Britain sells out Canada and Americans hate us

Clippings from the newspapers of January 26, 1904.

 

London (England) Times. Britain handled Canada’s foreign relations until after the First World War. Edward Musgrave, in a Times letter from Victoria, B.C., accuses Britain of sacrificing Canada’s interests in its dealings with the United States, in order to maintain “the ‘friendship” of the American people.

Musgrave accuses Britain of “surrendering” to the Americans the Alaska Panhandle and the San Juan Islands between Vancouver Island and the state of Washington; settlement of the Maine and Oregon boundaries on lines that gave large territory to the United States, and failure to stop American warships illegally seizing Canadian sealing vessels in the Bering sea.

Despite this, Musgrave says, “There is no friendship in the case of the great majority of the Americans towards the English people. They have never forgiven the past, are jealous of the present, and bitterly resent out status and progress on this continent.”

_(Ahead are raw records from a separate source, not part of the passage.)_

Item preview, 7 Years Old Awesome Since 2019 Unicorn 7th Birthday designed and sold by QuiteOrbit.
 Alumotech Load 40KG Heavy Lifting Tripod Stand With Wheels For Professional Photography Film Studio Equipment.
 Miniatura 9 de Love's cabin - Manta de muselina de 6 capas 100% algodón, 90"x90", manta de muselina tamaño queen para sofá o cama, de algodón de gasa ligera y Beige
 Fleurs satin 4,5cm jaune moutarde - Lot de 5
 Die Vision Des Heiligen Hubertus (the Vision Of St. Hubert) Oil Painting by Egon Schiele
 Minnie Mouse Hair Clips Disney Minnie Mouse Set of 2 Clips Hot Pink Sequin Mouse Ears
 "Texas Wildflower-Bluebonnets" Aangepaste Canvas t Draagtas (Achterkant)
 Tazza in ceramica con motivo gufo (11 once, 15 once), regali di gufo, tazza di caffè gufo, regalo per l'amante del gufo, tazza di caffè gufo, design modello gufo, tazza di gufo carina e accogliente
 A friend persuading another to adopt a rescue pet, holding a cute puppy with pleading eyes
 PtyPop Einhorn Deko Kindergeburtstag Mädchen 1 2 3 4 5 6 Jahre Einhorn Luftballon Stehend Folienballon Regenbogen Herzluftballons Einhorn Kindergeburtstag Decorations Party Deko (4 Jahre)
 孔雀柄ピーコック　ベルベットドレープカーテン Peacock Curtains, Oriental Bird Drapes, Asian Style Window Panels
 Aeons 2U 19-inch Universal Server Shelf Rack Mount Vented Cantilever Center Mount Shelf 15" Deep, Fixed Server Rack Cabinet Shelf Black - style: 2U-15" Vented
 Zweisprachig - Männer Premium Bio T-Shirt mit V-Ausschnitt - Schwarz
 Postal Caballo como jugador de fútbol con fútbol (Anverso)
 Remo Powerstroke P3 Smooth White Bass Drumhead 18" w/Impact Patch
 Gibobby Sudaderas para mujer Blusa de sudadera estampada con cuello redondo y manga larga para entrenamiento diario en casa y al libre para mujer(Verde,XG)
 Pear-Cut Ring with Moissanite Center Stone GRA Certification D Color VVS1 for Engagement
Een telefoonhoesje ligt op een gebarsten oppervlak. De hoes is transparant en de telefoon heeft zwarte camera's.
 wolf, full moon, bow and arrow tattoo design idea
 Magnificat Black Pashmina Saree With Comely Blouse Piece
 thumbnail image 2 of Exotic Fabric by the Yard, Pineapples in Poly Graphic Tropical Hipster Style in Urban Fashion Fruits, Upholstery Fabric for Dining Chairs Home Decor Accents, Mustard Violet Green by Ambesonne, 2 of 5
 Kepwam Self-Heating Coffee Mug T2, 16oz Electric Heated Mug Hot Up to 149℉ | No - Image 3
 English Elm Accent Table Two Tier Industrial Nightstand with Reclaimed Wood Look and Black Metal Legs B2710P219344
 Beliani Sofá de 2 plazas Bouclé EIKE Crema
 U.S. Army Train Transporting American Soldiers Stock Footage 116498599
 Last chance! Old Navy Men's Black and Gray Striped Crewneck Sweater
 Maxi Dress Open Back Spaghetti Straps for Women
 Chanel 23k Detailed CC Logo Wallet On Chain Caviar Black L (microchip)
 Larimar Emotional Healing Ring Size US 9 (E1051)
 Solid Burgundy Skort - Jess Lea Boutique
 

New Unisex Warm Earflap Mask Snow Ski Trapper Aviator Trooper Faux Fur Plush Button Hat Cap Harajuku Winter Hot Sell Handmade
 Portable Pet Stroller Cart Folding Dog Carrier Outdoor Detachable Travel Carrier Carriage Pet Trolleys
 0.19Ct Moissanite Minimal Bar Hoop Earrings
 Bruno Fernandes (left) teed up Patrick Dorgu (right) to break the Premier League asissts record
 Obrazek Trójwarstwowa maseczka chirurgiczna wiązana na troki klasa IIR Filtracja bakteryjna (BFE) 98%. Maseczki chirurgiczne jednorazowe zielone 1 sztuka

Montreal Star. Three thousand people jammed a Montreal hall to witness their hero, Hector Decarie, defeat “a gentlement named Rousseau, from Quebec,” for the title of the province’s strongest man. In the fifth feat of the evening, Decarie, with one hand, lifted a 149-pound bar bell “straight about his head,” lowered it to the floor, and again lifted it aloft. Rousseau was unable to lift it.

London (England) Times. Because of the looming war between Japan and Russia, “Canadian sealing schooners have abandoned for this season their usual practice of fishing in Japanese waters.”